| DIRECTIONS FOR THIS TASK |
The result should be the lines from the one that contains "Missoni Rock Koralle" to the final line of the entries below, copied exactly and with no pictures.

····················

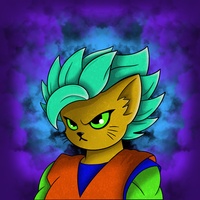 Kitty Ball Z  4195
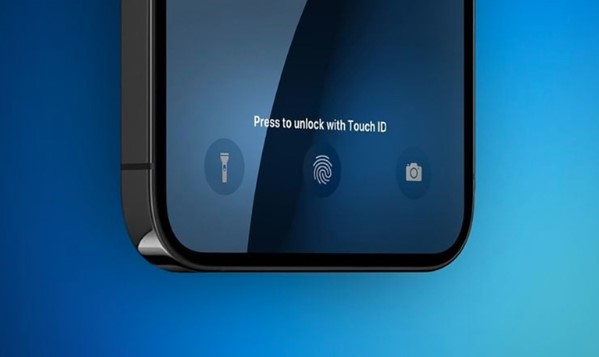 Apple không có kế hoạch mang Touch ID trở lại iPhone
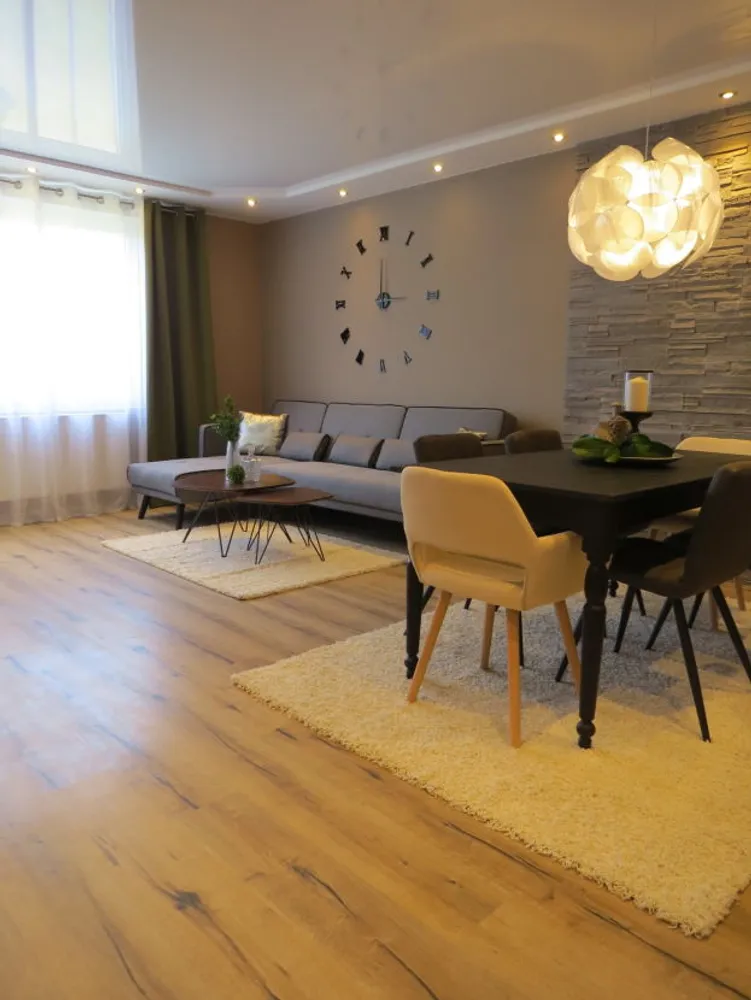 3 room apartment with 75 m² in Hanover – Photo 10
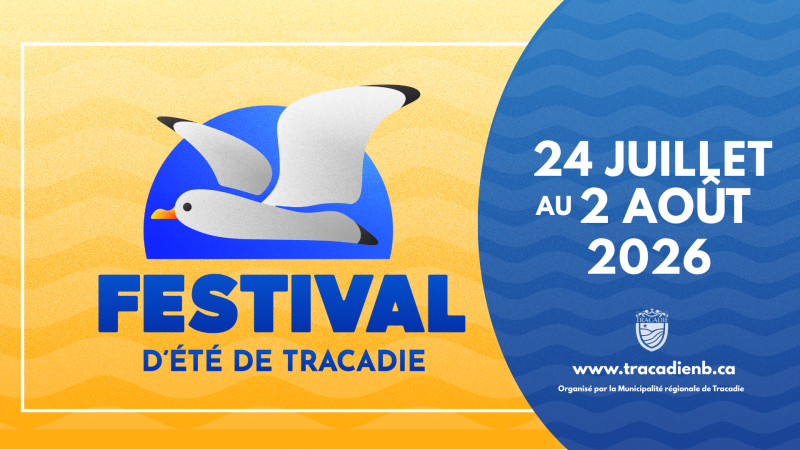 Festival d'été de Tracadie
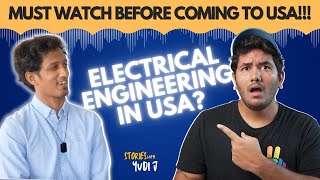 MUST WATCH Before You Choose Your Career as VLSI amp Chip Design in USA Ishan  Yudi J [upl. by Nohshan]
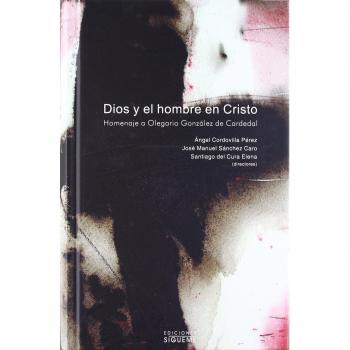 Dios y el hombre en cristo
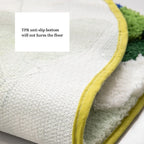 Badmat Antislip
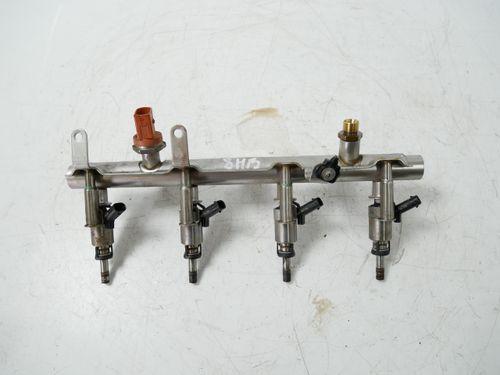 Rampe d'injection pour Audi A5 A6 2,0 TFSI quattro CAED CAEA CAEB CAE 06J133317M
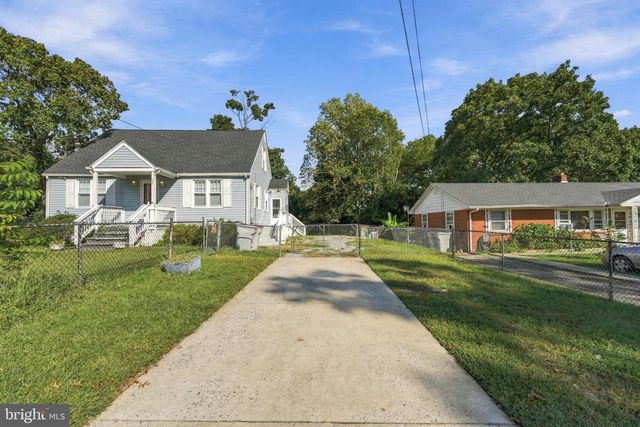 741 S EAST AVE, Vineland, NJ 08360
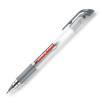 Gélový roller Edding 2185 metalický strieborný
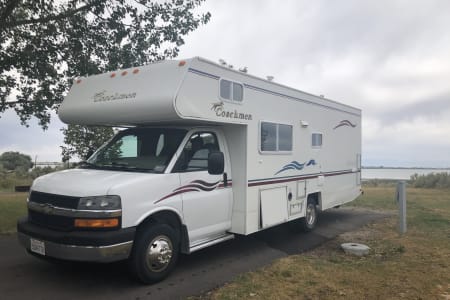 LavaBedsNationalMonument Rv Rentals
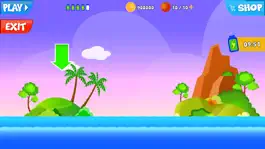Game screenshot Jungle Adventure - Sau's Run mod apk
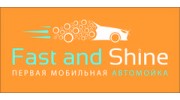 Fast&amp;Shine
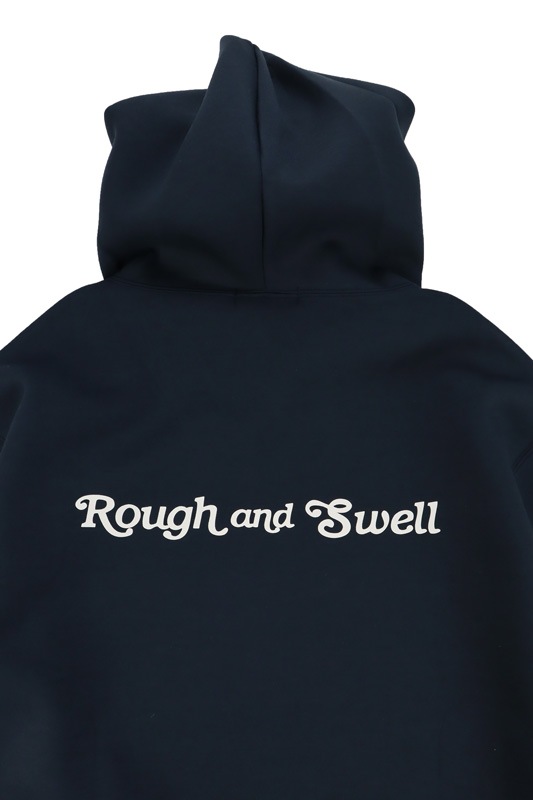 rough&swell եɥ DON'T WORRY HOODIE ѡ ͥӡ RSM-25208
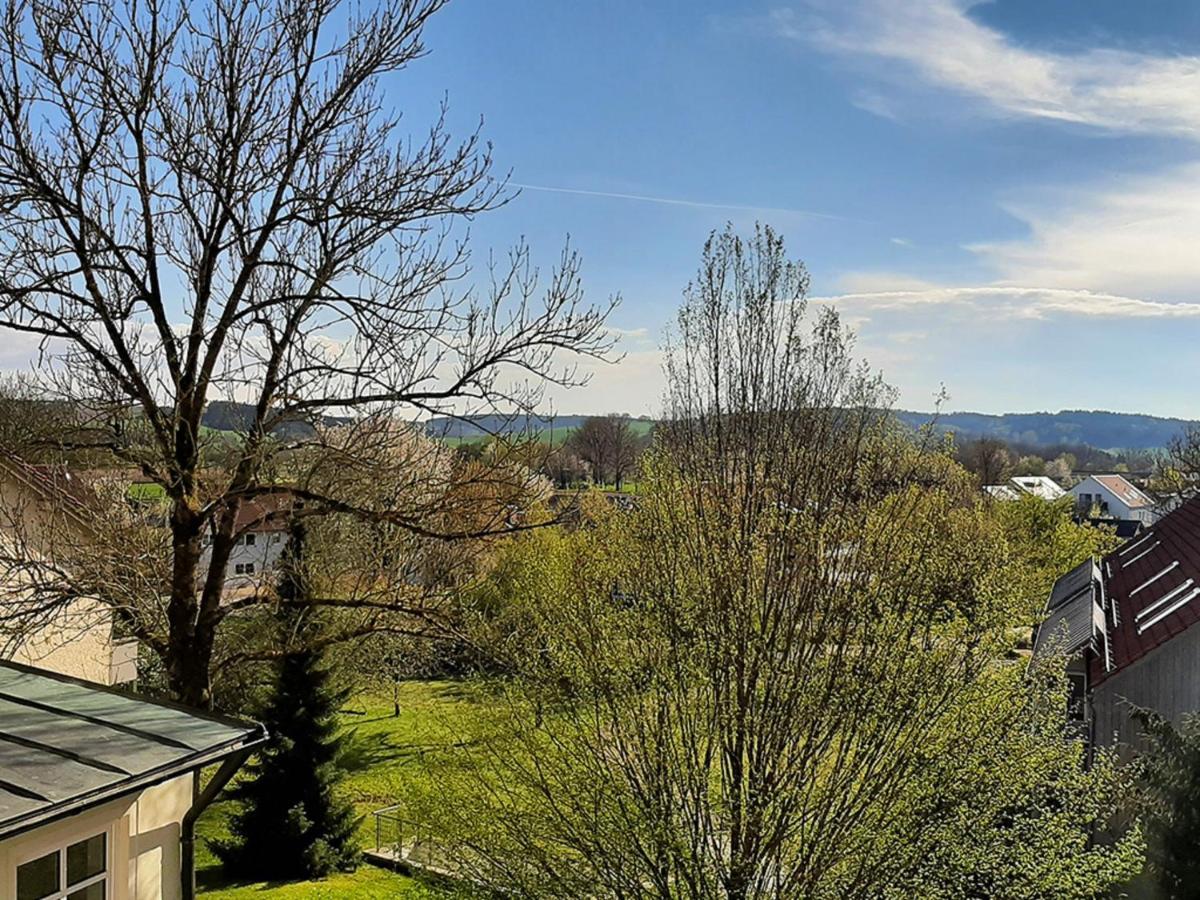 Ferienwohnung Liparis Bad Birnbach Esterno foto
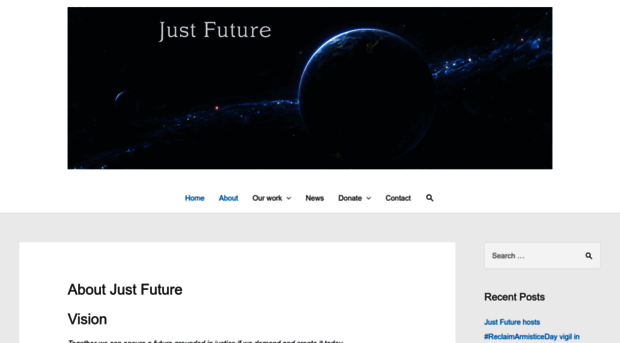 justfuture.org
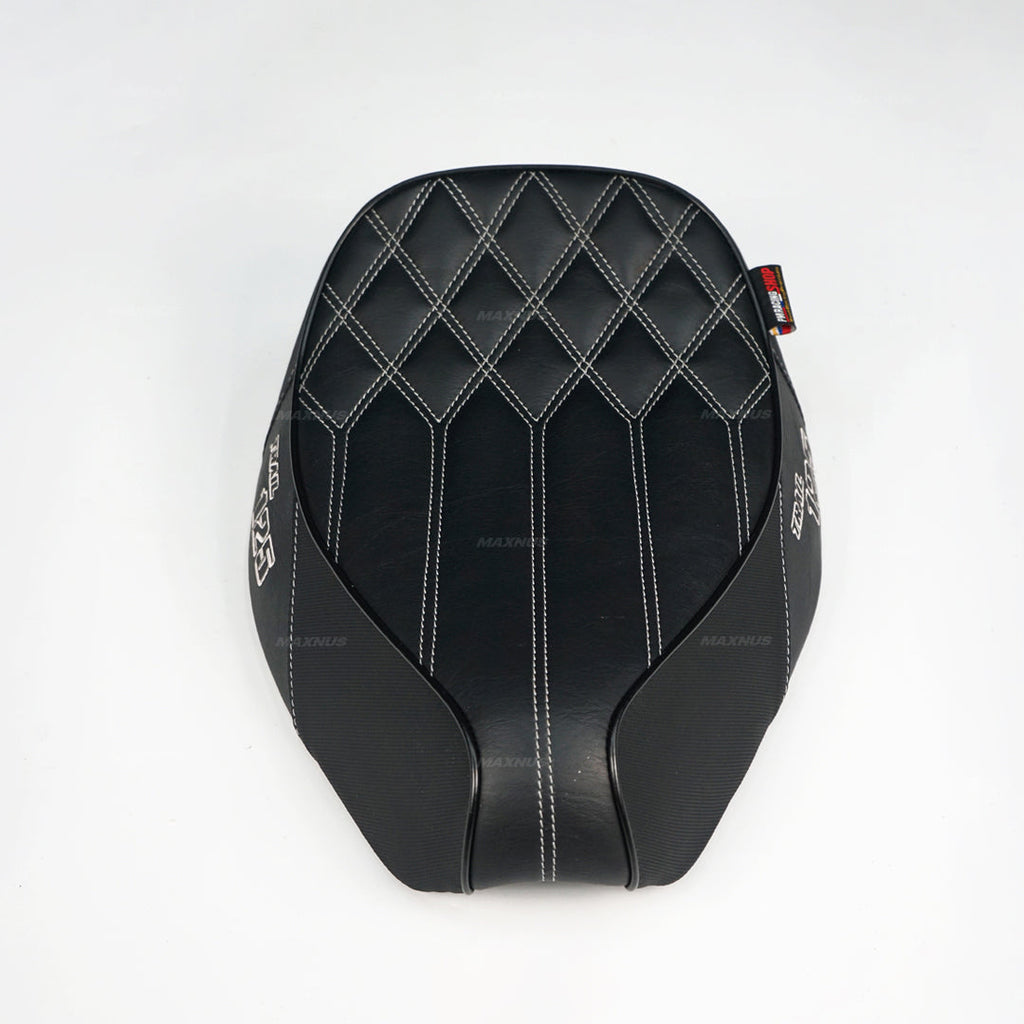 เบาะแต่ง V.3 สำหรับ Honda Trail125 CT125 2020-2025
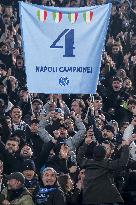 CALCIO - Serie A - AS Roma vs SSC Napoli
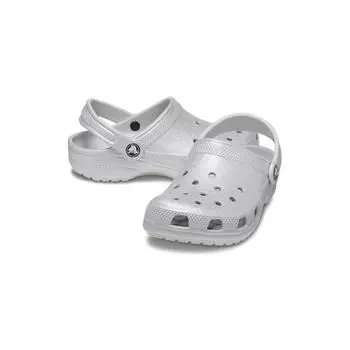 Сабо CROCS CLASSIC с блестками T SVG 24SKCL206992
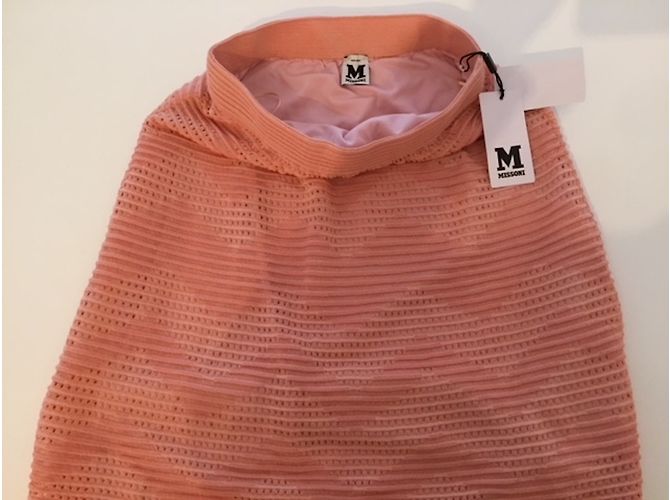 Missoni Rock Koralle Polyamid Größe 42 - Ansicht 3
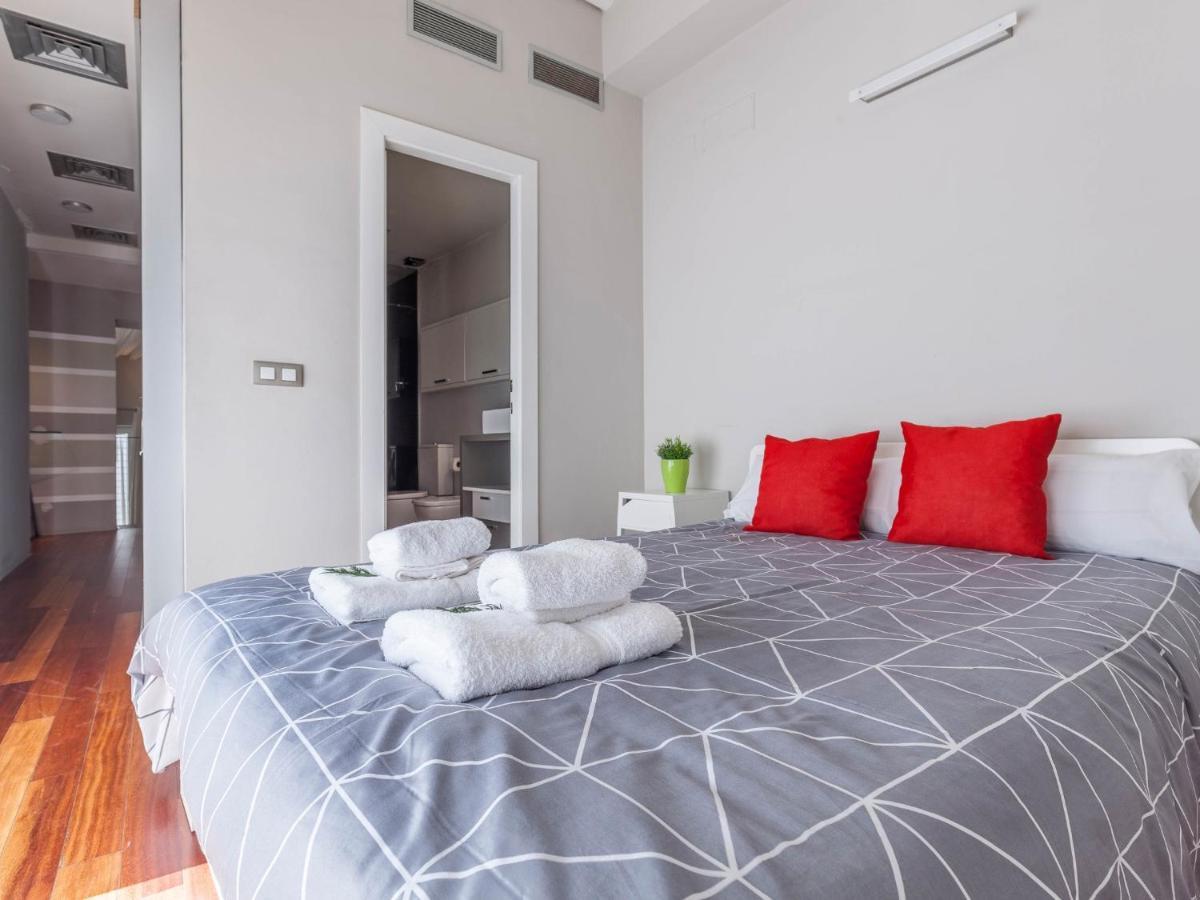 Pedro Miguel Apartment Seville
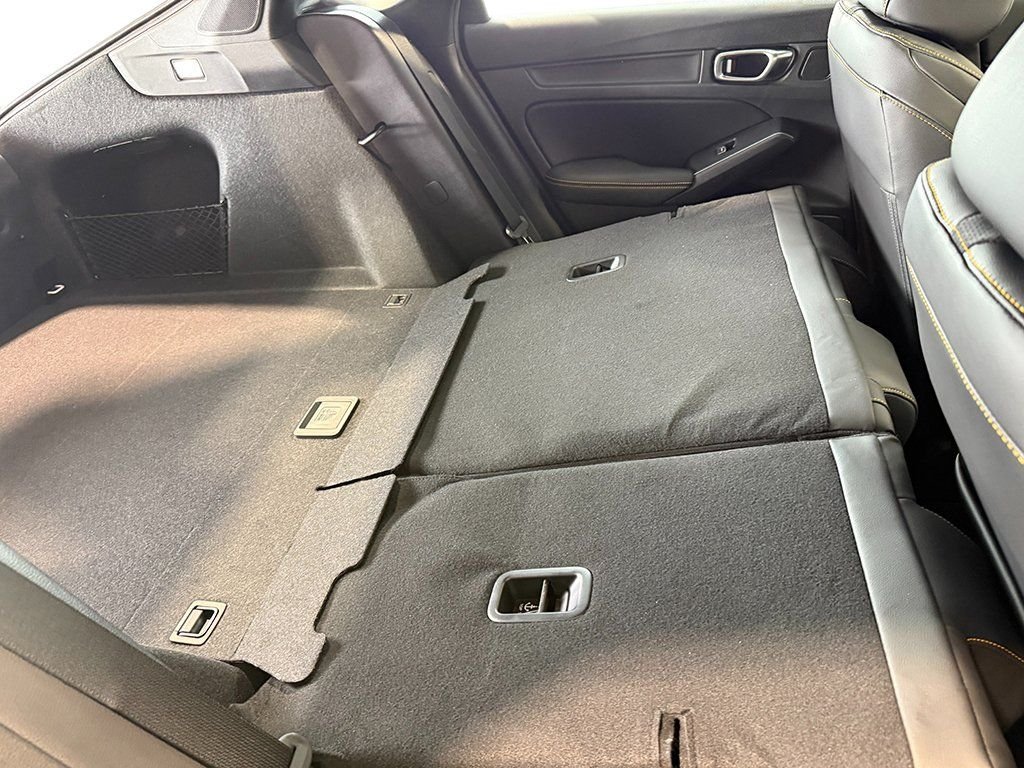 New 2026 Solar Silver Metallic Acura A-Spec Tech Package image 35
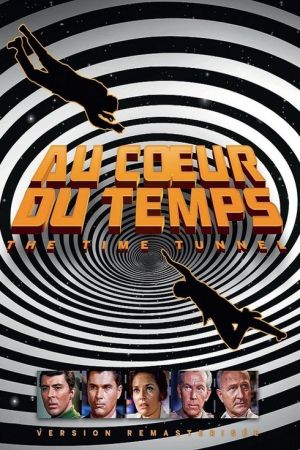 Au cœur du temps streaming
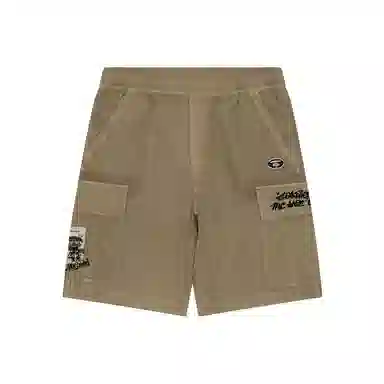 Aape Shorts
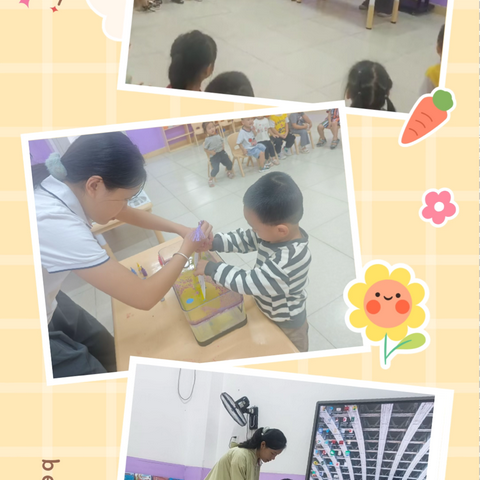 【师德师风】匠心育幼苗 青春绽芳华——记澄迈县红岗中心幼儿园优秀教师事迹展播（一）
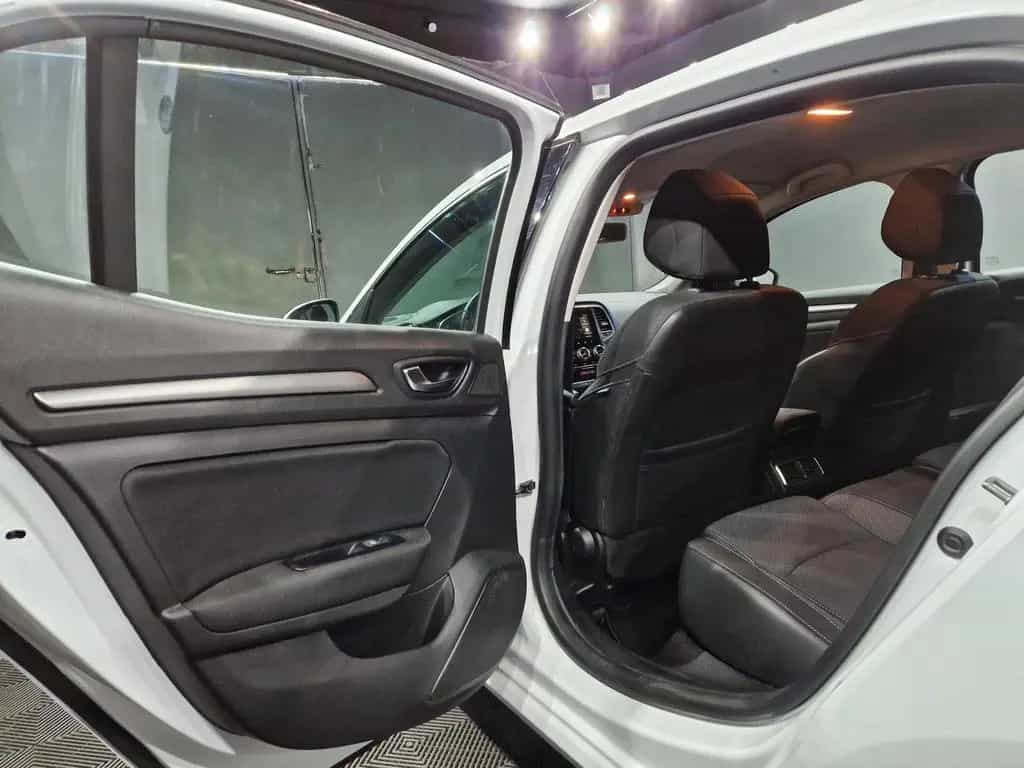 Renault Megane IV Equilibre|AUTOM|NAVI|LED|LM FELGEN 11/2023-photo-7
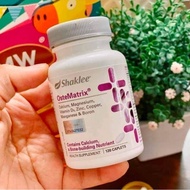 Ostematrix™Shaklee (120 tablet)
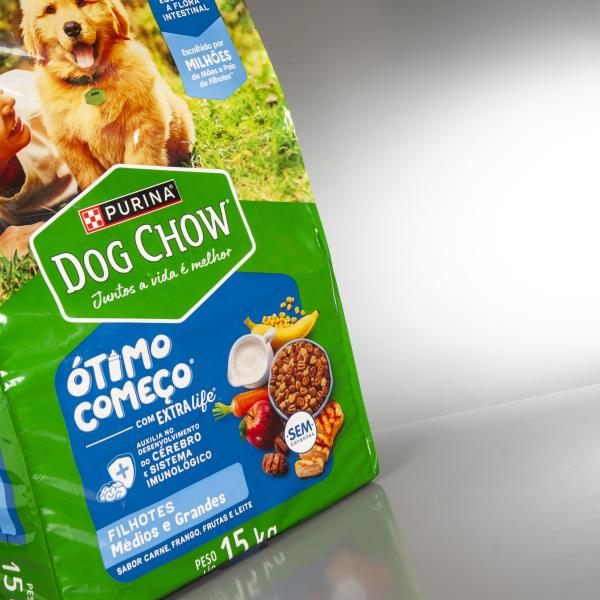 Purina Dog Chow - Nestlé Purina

····················

| YOUR RESPONSE |
 Missoni Rock Koralle Polyamid Größe 42 - Ansicht 3
 Pedro Miguel Apartment Seville
 New 2026 Solar Silver Metallic Acura A-Spec Tech Package image 35
 Au cœur du temps streaming
 Aape Shorts
 【师德师风】匠心育幼苗 青春绽芳华——记澄迈县红岗中心幼儿园优秀教师事迹展播（一）
 Renault Megane IV Equilibre|AUTOM|NAVI|LED|LM FELGEN 11/2023-photo-7
 Ostematrix™Shaklee (120 tablet)
 Purina Dog Chow - Nestlé Purina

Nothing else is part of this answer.